Recently my husband and I joined Weight Watchers and paid our money. Then we had a death in the family and a bunch of other stuff going on. At




We each gained 6 pounds by the end of the Weight Watchers period we had committed to.




I ultimately realized I had to try something different. I've just had the band on for three months, and I've only lost 10 pounds. However, I already refused to return. I assumed I'd lose faster, but this is so much simpler than dieting. The biggest benefit of the band for me is just knowing that I can continue to eat this way for the rest of my life. With other weight-loss programs, I'd get so sick of what I was eating and wonder, "Am I supposed to do this all the time?" For instance, I've had one hamburger in the last six weeks despite other regimens forbidding it. Although I didn't finish it all, I probably could have. Now, if I have food on my plate from a restaurant meal, it's okay if I give it to someone else or save it for another meal. Previously, if I ate out and carried food home, I just did it for display and ate it as soon as I returned home.

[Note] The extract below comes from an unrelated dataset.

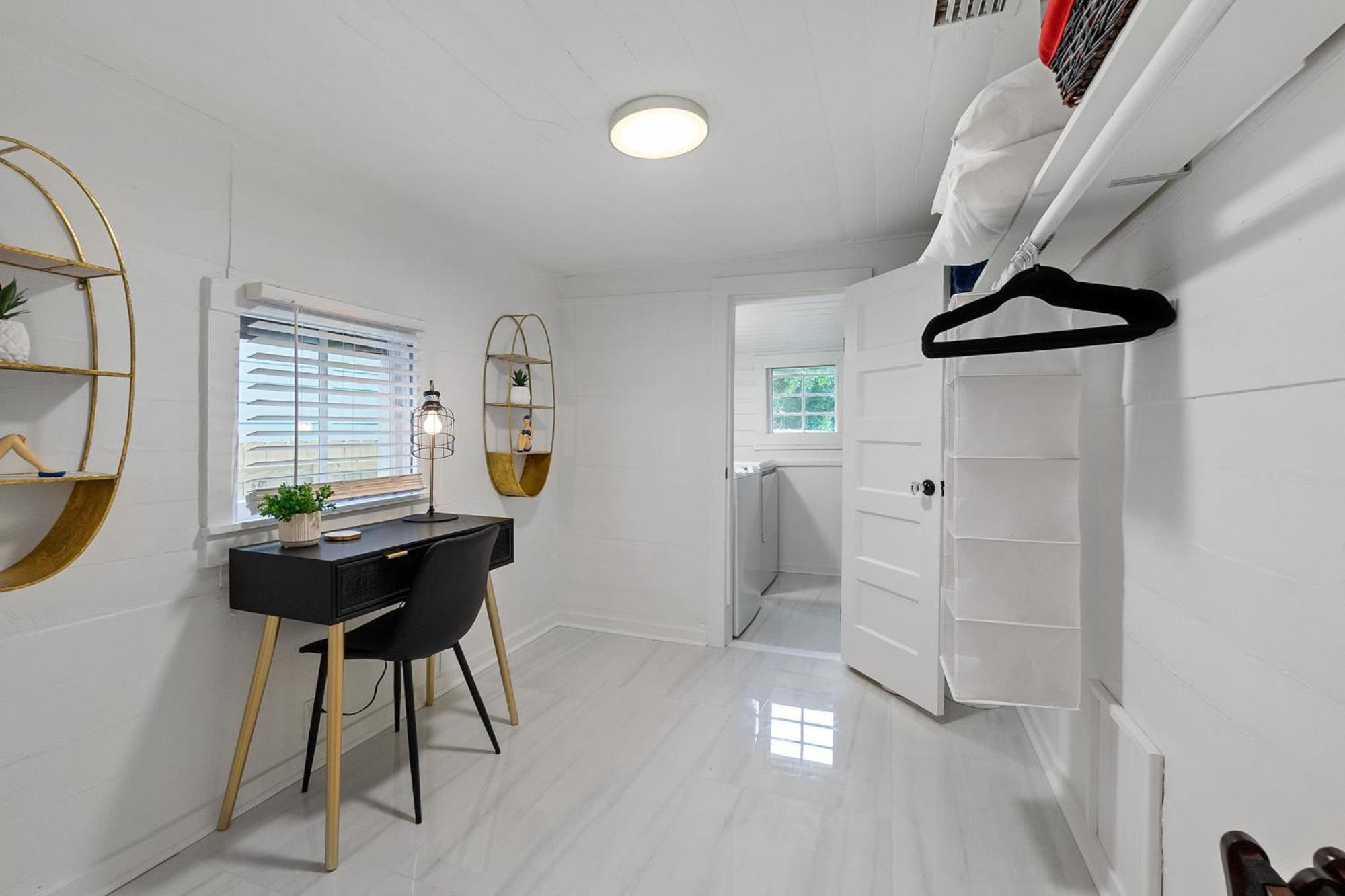 Coco'S Cozy Cabana - Hot Tub Walk To Downtown St. Augustine Εξωτερικό φωτογραφία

Another change is that I'm exercising and I have a personal trainer. I've never had the urge to do that before.




I discovered a fill doctor who is only an hour away because I live several hours from my surgeon. The fill doctor and my surgeon's office agreed to cooperate, but there was confusion on the sort of band I had. I've had three fills, but I didn't feel as constrained as I would have liked. Turns out I had a bigger band that the fill doctor knew about. Additionally, my surgeon gave another physician who billed me extra for visiting me in the hospital post-op care. I felt that because I'm a self-pay patient, the problems with my fills and the second doctor cost me more money that wasn't necessary.




I do love the band. It's constantly there. Unlike with diets, I don't fall off the wagon and stay off. I'll lose all the weight I want in a few years if I keep going at this pace. But there isn't a band support group near where I live, and as I previously mentioned, my surgeon is several hours away by car. I'm looking for extra band members who can assist me as a result.